Standard operating procedure for XRF has required transportation of the sample to be analyzed, or the material recovered from it, to a laboratory. Relocation can be problematic in some cases, depending on the sample's size or value, or the potential damage that can occur during sample recovery. Recently, a compact, light-weight, handheld, and field-portable XRF unit has been developed that offers new opportunities for nondestructive, on-site sample analysis (Piorek 1997:317).

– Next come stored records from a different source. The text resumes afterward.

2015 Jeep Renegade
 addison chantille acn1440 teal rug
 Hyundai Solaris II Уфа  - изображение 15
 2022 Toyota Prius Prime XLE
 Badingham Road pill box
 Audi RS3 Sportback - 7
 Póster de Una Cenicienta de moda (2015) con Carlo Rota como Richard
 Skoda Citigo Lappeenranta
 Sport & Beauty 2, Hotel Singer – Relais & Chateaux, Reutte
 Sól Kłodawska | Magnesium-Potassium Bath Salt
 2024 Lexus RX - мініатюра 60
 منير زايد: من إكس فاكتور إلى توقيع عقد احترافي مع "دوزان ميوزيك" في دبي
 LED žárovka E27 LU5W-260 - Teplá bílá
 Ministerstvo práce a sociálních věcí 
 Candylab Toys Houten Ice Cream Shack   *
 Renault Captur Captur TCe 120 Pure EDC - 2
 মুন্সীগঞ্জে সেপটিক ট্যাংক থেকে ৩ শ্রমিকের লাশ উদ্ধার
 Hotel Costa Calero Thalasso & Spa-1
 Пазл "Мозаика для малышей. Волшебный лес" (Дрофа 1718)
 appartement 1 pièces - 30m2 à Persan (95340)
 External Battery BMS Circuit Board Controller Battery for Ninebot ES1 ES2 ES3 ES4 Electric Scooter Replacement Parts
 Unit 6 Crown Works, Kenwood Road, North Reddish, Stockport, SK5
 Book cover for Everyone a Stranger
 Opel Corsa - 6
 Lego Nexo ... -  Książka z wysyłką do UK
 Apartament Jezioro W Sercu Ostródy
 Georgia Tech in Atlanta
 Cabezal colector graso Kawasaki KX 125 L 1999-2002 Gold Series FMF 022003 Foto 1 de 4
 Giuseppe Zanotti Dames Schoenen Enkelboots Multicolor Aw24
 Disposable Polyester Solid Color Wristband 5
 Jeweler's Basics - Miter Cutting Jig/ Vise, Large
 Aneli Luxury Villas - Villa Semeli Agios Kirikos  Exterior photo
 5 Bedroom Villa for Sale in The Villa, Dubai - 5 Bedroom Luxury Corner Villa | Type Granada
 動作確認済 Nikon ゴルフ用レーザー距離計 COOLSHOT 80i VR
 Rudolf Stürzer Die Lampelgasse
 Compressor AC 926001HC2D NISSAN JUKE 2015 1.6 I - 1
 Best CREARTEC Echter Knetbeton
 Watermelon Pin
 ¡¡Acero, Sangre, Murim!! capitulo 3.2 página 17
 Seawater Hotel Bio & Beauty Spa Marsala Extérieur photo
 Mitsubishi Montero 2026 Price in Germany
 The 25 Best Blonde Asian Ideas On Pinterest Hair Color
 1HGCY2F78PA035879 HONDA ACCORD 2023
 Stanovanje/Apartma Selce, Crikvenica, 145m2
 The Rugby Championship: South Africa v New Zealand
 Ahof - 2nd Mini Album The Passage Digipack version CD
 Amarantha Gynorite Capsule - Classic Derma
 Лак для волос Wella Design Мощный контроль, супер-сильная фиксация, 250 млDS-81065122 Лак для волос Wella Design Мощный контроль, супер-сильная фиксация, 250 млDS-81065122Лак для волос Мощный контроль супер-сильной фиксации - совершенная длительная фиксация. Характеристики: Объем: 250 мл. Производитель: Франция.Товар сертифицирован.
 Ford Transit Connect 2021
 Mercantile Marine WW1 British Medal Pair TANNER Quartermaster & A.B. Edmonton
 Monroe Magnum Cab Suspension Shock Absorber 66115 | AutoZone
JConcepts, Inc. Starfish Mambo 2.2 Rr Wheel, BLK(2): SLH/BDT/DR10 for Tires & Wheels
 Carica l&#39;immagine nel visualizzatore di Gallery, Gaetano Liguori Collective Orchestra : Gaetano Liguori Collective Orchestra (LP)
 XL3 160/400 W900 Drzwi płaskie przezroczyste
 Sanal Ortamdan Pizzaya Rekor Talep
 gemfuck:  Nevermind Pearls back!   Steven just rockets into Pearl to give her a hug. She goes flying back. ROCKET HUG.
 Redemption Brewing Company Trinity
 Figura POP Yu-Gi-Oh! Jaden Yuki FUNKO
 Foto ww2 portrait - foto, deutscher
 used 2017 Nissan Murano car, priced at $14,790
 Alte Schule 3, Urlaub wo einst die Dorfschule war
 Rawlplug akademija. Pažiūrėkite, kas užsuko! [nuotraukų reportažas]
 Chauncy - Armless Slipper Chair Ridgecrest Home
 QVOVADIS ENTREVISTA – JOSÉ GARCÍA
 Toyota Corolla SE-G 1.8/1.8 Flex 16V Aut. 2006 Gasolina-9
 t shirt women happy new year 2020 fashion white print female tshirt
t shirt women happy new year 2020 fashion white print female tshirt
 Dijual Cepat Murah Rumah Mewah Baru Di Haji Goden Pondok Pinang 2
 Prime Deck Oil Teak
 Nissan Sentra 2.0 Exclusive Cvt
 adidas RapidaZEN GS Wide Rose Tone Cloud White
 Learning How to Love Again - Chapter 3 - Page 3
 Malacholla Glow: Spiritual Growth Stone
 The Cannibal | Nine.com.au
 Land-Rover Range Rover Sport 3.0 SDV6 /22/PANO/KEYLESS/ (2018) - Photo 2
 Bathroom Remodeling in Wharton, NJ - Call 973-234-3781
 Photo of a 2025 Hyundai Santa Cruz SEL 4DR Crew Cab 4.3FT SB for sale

During the past three years, our research has focused on determining the composition of paints recovered from rock paintings and completing an experimental study involving the creation and application of our own paint (Newman and Loendorf 2003, 2004a, 2004b). We used several analytical techniques in these studies, including inductively coupled plasma mass spectrometry, x-ray diffraction, x-ray fluorescence, Raman microscopy, and scanning electron microscopy. The most persistent problems we encountered were the presence of excessive background rock in the samples and an insufficient amount of paint necessary for successful analyses. Using the portable XRF unit, we hoped to overcome some of the difficulties associated with sample recovery and identification.
Field portable XRF spectrometers are available from a number of manufacturers. We used the Innov-X Systems XT series Model 700. The unit uses an x-ray tube instead of radioactive isotopes, is approximately 1x1 foot, and weighs less than five pounds. It uses a Windows CE software platform with a Compac iPAQ Pocket PC that can be removed for data download. It comes equipped with a minimum element package, but the user can request additional elements. Concentrations of detected elements measured in parts per million are displayed on the analyzer's LCD and can also be viewed as spectra. Collected data are exported to a Microsoft Excel spreadsheet (Innov-X Systems, Inc. 2003).
We established three goals for our initial research with the portable XRF unit: to identify the color-producing agent in green paint in Montana and Wyoming rock paintings; to explore the possibility of historic retouching or repainting of some Montana pictographs; and to determine the utility of the field portable XRF spectrometer in the study of rock art pigments.
The research to determine the composition of green paint was conducted at the Valley of the Shields and the Musselshell sites in Montana, and at the Castle Gardens site in Wyoming (Figure 1). …